## DATA RECORDS
··········

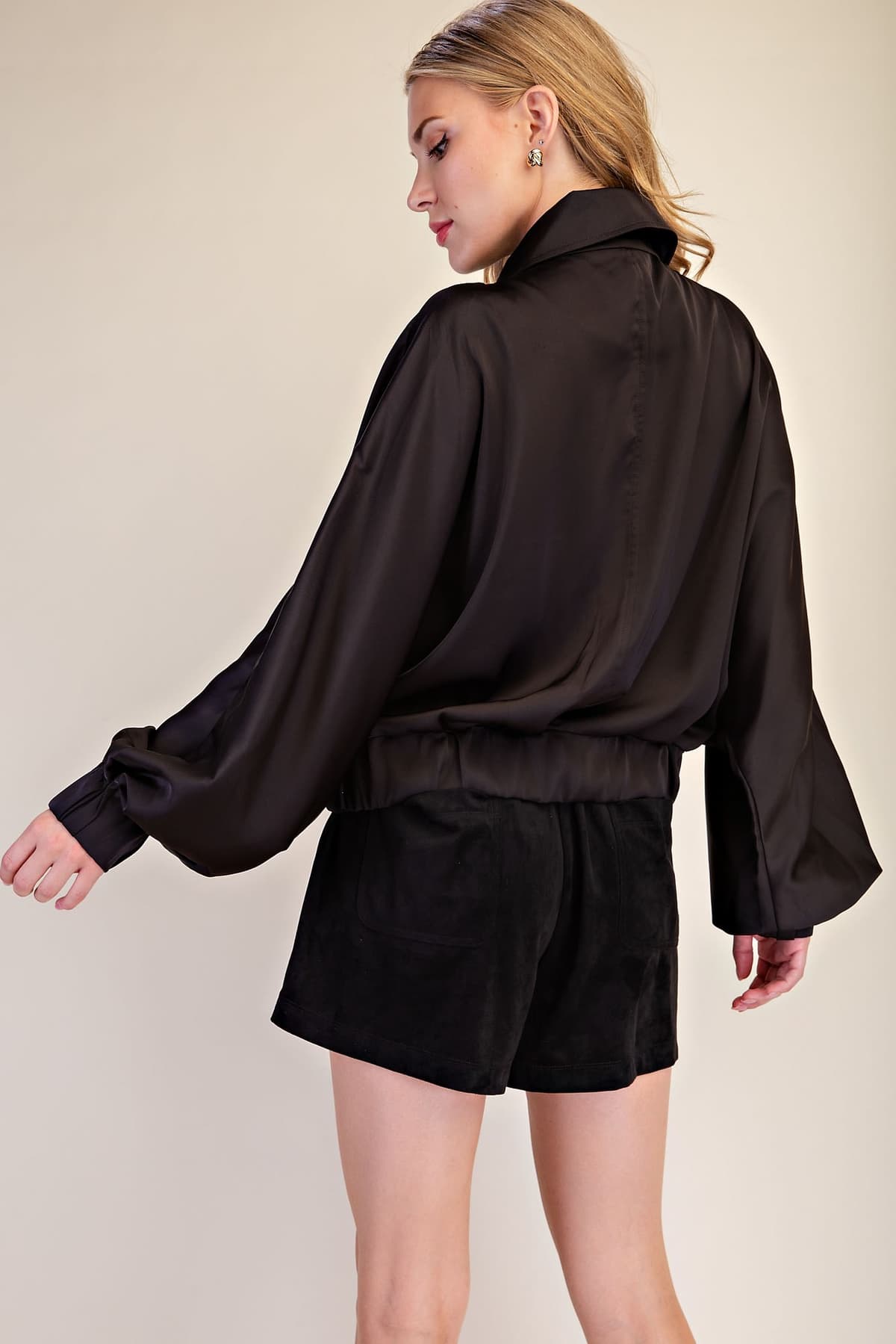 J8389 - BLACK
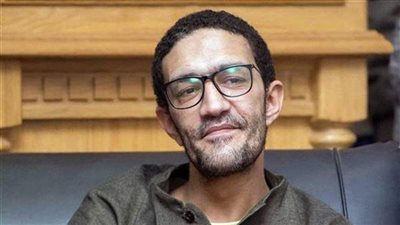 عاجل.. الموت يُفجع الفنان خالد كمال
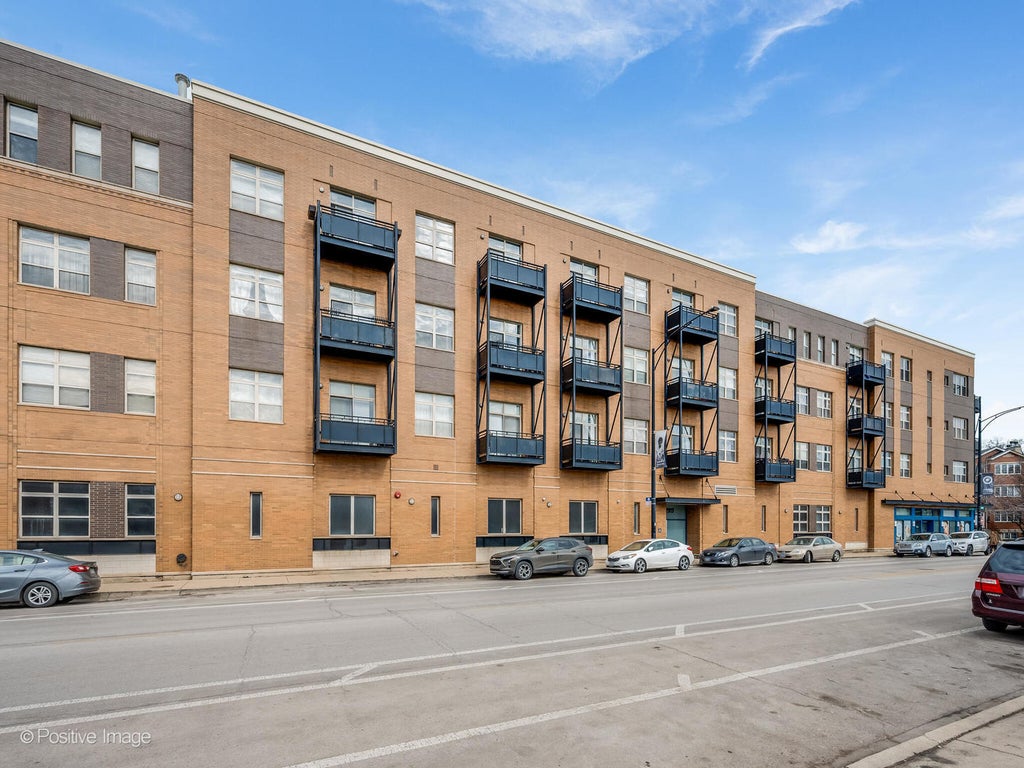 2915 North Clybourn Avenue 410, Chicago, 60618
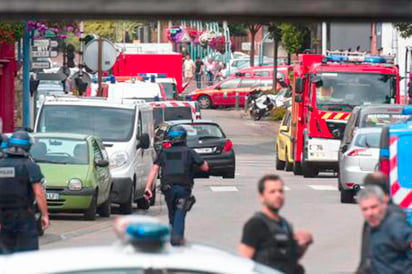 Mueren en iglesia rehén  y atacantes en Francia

··········

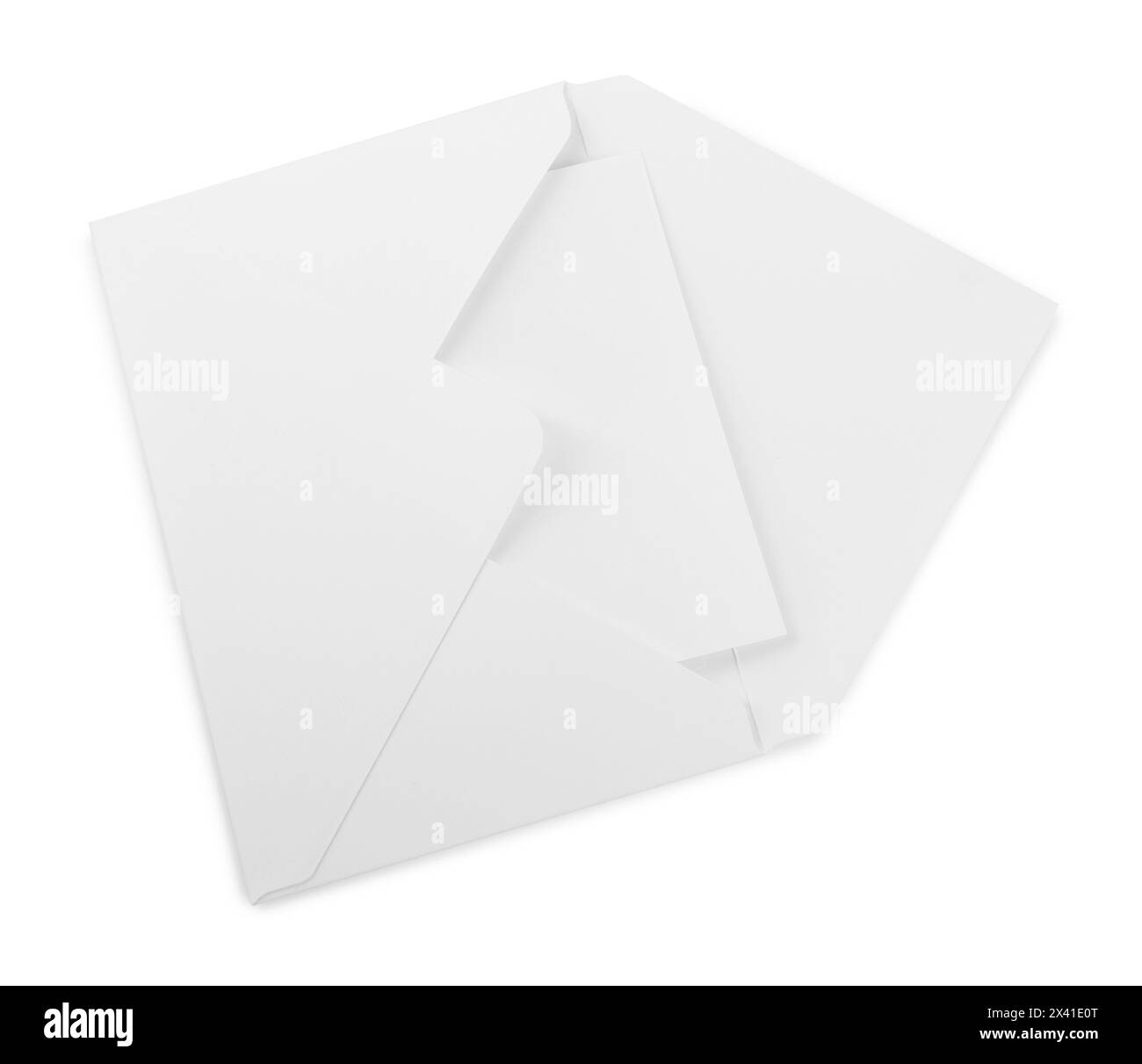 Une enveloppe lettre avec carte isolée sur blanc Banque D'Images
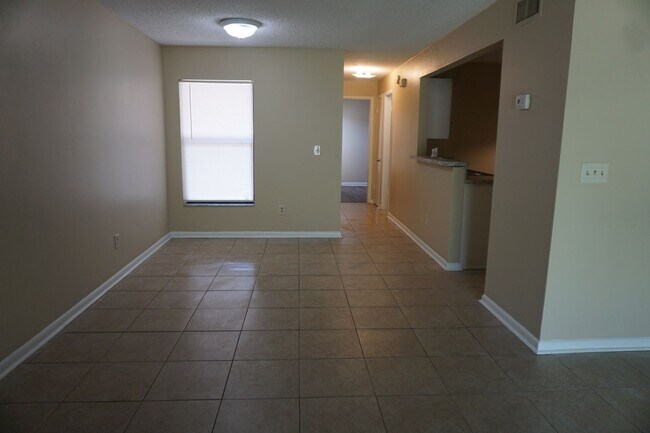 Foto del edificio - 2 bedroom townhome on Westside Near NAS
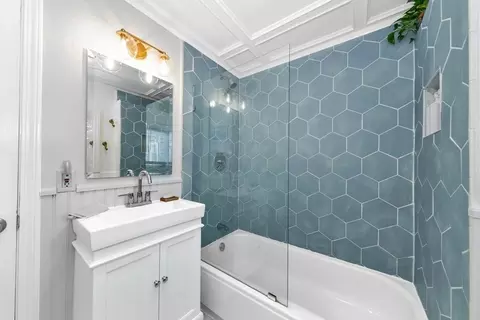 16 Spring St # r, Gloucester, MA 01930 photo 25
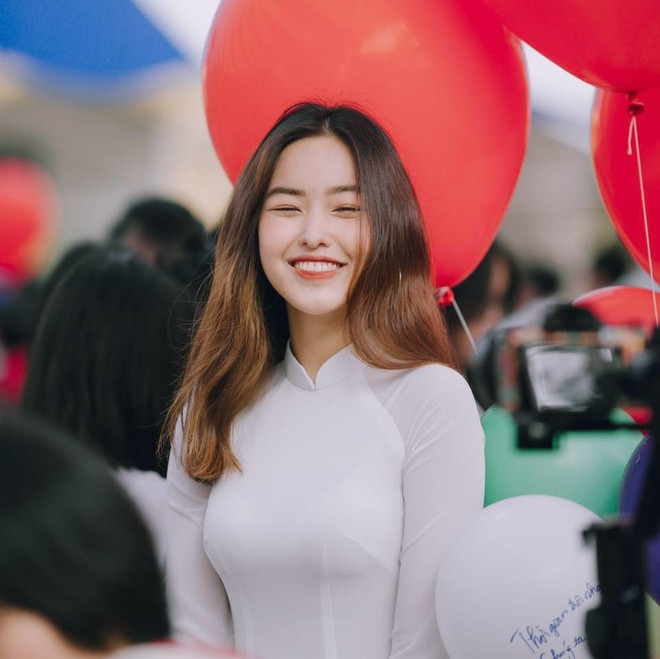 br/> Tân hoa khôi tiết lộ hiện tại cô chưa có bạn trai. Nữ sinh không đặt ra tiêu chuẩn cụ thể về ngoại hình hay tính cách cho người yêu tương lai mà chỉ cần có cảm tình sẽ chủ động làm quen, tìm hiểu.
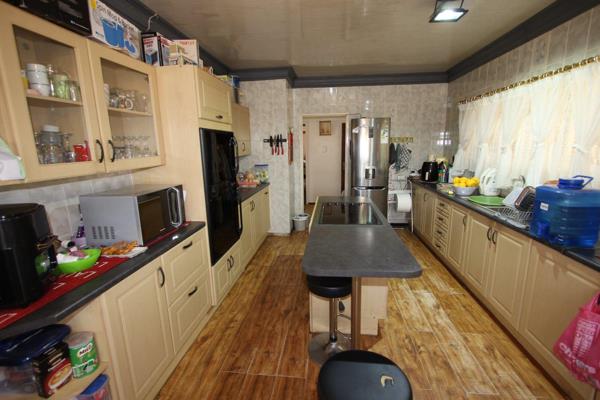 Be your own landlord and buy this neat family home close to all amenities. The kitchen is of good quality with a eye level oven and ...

··········

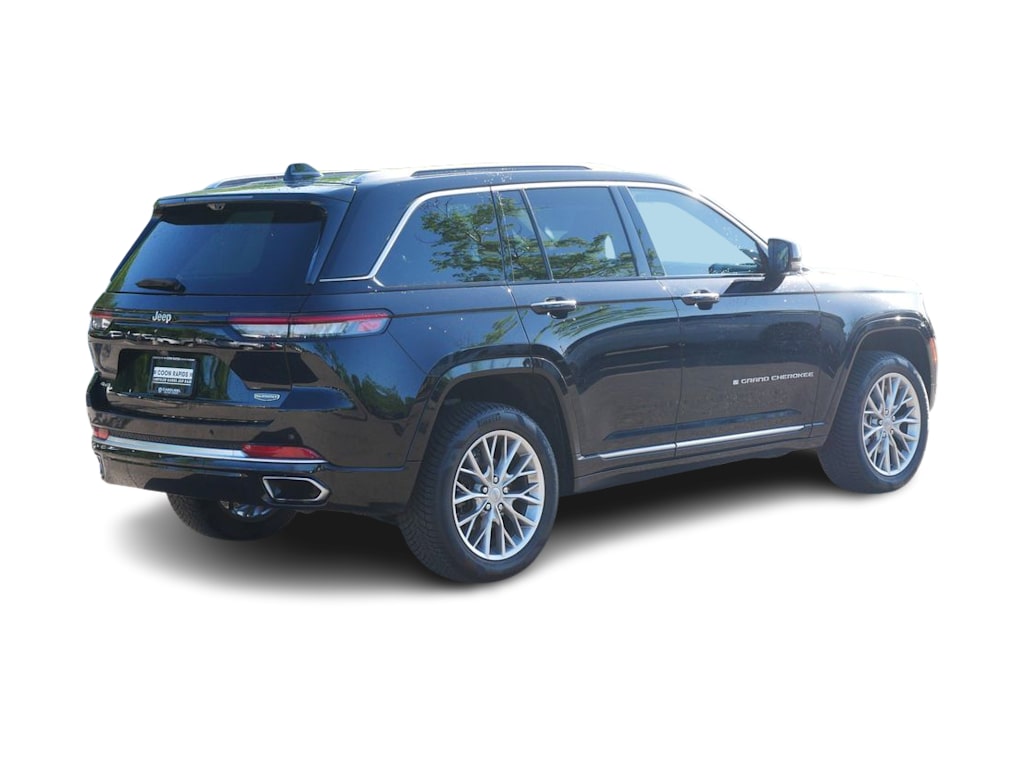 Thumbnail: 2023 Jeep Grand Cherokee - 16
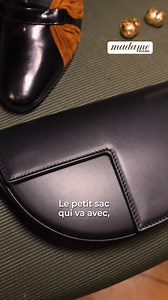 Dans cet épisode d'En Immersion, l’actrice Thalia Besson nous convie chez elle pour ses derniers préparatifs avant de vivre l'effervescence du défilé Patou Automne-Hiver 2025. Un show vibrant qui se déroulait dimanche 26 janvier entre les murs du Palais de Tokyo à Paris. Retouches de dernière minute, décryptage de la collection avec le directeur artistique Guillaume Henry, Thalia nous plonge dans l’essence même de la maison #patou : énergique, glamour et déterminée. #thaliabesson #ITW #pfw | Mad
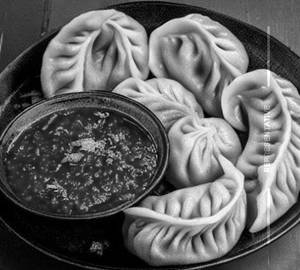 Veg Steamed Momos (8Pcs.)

··········

## TASK DETAILS
The answer must be the lines above from the one containing "Dans cet épisode" through the one containing "Veg Steamed Momos (8Pcs.)", reproduced exactly, with no pictures and nothing else.

## COMPLETED EXERCISE
 Dans cet épisode d'En Immersion, l’actrice Thalia Besson nous convie chez elle pour ses derniers préparatifs avant de vivre l'effervescence du défilé Patou Automne-Hiver 2025. Un show vibrant qui se déroulait dimanche 26 janvier entre les murs du Palais de Tokyo à Paris. Retouches de dernière minute, décryptage de la collection avec le directeur artistique Guillaume Henry, Thalia nous plonge dans l’essence même de la maison #patou : énergique, glamour et déterminée. #thaliabesson #ITW #pfw | Mad
 Veg Steamed Momos (8Pcs.)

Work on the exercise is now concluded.